Every artistic representation of the myth of Europa is unique in terms of time, space, artist, audience, and the spirit of the era. Europa results as an interpreter of a series of affections that vary from surprise to trepidation, fear to sensual abandon. The fact that privileged moments from the mythological narrative vary in accentuation and interpretation as well is not surprising if one considers the communicative effectiveness of the syntactic structure (Cerulo 1993). Syntactic structure that orders and organizes, combines or repeats the various elements of a symbolic construction (in our case the different components of the Europa myth) may emphasize one element over another. While retaining the elements, it can change the symbol’s message, effectiveness, and emotional appeal. To sketch the allegory for a project of peace, prosperity, and unity, EU institutions have frequently revisited the myth’s syntactic structure. The decision to choose an ancient Greek portrayal out of the several artistic representations of the tale to ornament the new euro banknotes reveals what the privileged moments of the story are for the European Central Bank and anticipates how it will seek to use this artistic representation of the myth for its political agenda.

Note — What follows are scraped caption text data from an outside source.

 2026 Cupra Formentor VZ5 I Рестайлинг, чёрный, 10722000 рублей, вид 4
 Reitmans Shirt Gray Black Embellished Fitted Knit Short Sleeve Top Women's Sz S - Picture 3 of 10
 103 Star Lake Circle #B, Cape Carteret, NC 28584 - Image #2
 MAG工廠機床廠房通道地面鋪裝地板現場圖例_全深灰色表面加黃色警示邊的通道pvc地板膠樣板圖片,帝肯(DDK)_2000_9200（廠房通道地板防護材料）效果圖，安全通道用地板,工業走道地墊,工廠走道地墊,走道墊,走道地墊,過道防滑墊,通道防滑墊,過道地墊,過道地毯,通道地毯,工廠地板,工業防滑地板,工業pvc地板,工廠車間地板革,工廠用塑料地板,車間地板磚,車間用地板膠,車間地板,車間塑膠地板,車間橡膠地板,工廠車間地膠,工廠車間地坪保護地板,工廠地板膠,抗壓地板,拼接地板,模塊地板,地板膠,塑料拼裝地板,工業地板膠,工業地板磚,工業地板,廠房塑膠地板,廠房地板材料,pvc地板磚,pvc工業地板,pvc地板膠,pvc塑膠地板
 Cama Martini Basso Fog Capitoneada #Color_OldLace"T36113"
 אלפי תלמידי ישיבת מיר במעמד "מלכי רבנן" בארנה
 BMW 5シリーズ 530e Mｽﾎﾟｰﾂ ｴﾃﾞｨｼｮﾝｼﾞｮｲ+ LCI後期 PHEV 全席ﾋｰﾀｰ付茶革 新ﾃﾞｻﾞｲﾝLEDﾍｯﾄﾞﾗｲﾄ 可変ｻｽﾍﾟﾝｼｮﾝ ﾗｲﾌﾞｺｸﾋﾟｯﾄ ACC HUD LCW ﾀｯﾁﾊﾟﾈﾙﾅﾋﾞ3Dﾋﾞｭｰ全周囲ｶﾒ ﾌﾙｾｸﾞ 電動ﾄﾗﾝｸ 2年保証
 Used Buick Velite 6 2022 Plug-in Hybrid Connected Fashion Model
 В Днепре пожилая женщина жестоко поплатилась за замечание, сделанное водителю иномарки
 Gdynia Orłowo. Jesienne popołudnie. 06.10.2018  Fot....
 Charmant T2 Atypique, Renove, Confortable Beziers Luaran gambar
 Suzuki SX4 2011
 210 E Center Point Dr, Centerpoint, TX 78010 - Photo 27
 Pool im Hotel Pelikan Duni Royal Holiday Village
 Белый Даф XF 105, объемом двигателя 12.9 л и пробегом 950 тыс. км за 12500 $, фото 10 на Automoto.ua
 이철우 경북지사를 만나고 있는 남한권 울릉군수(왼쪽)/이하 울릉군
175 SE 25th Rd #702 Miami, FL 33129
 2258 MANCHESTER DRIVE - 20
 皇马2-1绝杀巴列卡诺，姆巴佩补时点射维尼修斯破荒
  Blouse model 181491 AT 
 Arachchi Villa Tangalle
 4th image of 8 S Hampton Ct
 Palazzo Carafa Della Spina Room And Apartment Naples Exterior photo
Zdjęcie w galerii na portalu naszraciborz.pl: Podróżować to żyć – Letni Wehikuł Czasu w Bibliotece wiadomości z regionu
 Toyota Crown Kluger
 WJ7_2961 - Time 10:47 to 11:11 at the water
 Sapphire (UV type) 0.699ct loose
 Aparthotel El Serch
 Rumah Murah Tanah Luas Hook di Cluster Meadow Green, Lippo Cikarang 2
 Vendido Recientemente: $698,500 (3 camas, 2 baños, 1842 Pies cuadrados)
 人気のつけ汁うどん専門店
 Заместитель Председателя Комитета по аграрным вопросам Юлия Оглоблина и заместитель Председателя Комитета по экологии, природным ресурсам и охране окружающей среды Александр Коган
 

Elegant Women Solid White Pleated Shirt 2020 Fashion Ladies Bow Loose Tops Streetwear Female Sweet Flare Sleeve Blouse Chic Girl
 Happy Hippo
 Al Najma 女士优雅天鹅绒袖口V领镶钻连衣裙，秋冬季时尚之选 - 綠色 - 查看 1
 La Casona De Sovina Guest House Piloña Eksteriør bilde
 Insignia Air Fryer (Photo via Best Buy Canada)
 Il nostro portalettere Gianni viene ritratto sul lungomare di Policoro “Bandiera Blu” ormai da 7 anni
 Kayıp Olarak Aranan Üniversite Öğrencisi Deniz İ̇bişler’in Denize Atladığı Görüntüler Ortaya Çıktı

A glance at the new euro banknotes brings us back to antiquity and reinforces the narrative, according to which an umbilical cord links the European Union to ancient Greece. Mario Draghi perhaps shares Husserl’s view that
spiritually Europe has a birthplace. By this I do not mean a geographical place, in some one land, though this too is true. I refer, rather, to a spiritual birthplace in a nation or in certain men or groups of men belonging to this nation. It is the ancient Greek nation in the seventh and sixth centuries B.C. In it there grows up a new kind of attitude of individuals toward their environing world. … In the emergence of philosophy in this sense, a sense, that is, which includes all sciences, I see—no matter how paradoxical this may seem—the original phenomenon of spiritual Europe. (Husserl 1965: 158–59)
He might agree with Vaclav Havel, for whom the large set of values at the bases of the European Union has a clear moral foundation and obvious metaphysical roots in antiquity (1994). This choice, this “preference for the primitive,” may have something to do with what the art historian Ernst Gombrich called “Cicero’s Law”:
How much more brilliant, as a rule, in beauty and variety of colouring are new pictures compared to the old ones. But though they captivate us at first sight the pleasure does not last, while the very roughness and crudity of old paintings maintains their hold on us. (Cicero, Dc Oratore III. xxv. 98; cited by Gombrich 2002: 7)
The prophets of palingenetic ultra-Europeanism (quite similar to premodern communities) believe that the power of their community lies in its (imagined) origins. The origin myth, the Europa narrative of the foundation of the Cretan civilization, this image of primordial paradise, assumes outmost importance and regressus ad originem, the restoration of the period of pristine harmony, becomes a key concern for European myth entrepreneurs advocating “rebirth” and “new beginning.” The European Central Bank arrived at the conclusion that it was not enough to bring Europe back to the post–World War II period, when Europe’s “founding fathers” laid down the foundations of today’s European Union; a return to the sacred origins was needed in order to transform the Eurozone into a sacred space, an absolute fixed point in the global chaos, the point of departure for constructing a new cosmion.
Antiquity “imparts dignity”; old words and images give our discourse “an air of sanctity and majesty” (Quintilian VIII, iii, 24; cited by Gombrich 1966: 35); they can project us into another (sacred) world. If, as Anthony Cohen asserts, “mythological distance lends enchantment to an otherwise murky contemporary view” (1985: 99), the Europa myth may be seen as a tool to inject sanctity into a profane political project.